The seemingly war-cursed Horn of Africa is at it again as Eritrea desperately taunts Djibouti over border lines. But France and the United States have moved to settle the dispute, which led to a violent clash leaving several people dead in June last year.
The border area dispute has assumed a greater strategic significance due to the presence of both French and US bases, with the US alone stationing more than 1,200 troops, in Djibouti.
Wednesday, The UN Security Council gave Eritrea a firm five-week ultimatum to pull out its forces from the disputed border region with Djibouti, in a French-drafted resolution. Eritrea was also asked to remove its military equipment from the Ras Doumeira region and the island of Doumeira.
Commending Djibouti’s withdrawal and condemning Eritrea’s dogged stance, the draft urged the Eritrean government to adopt a more conciliatory approach in the settlement of the dispute.
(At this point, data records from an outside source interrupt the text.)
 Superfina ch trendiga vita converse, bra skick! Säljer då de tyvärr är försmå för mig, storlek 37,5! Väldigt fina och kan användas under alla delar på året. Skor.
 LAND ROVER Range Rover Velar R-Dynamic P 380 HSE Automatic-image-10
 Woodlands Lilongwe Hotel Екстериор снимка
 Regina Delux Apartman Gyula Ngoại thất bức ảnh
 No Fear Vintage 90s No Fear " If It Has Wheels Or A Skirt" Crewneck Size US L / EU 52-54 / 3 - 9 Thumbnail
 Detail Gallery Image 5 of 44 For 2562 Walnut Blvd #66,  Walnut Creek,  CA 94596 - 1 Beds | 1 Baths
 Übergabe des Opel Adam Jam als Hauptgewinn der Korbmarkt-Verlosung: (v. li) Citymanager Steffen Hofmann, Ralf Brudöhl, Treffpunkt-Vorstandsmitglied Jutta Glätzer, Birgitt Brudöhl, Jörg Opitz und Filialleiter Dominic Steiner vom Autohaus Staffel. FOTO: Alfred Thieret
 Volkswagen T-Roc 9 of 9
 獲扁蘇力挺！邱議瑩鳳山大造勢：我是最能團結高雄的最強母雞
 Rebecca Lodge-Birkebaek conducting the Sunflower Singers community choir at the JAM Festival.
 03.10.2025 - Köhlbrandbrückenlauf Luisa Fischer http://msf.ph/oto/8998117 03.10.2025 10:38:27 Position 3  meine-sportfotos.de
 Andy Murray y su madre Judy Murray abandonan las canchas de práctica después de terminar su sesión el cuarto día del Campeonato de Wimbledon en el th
It pleaded with Asmara to “engage in dialogue to defuse the tension and engage also in diplomatic efforts leading to a mutually acceptable settlement of the border issue.”
The resolution is to be complied with “immediately”.
Three months ago, the US warned Eritrea that it faces appropriate action from the UN if it refused to co-operate to resolve its border dispute with Djibouti peacefully.
Before the clashes over the Ras Doumeira promontory on the shores of the Red Sea, in June last year, Eritrea and Djibouti had been involved in bitter confrontations in 1996 and 1999.
Djibouti had pulled out its forces from the disputed areas, as requested by the UN Security Council last June while Eritrea has refused to do so and they currently face stern action from the US or the UN.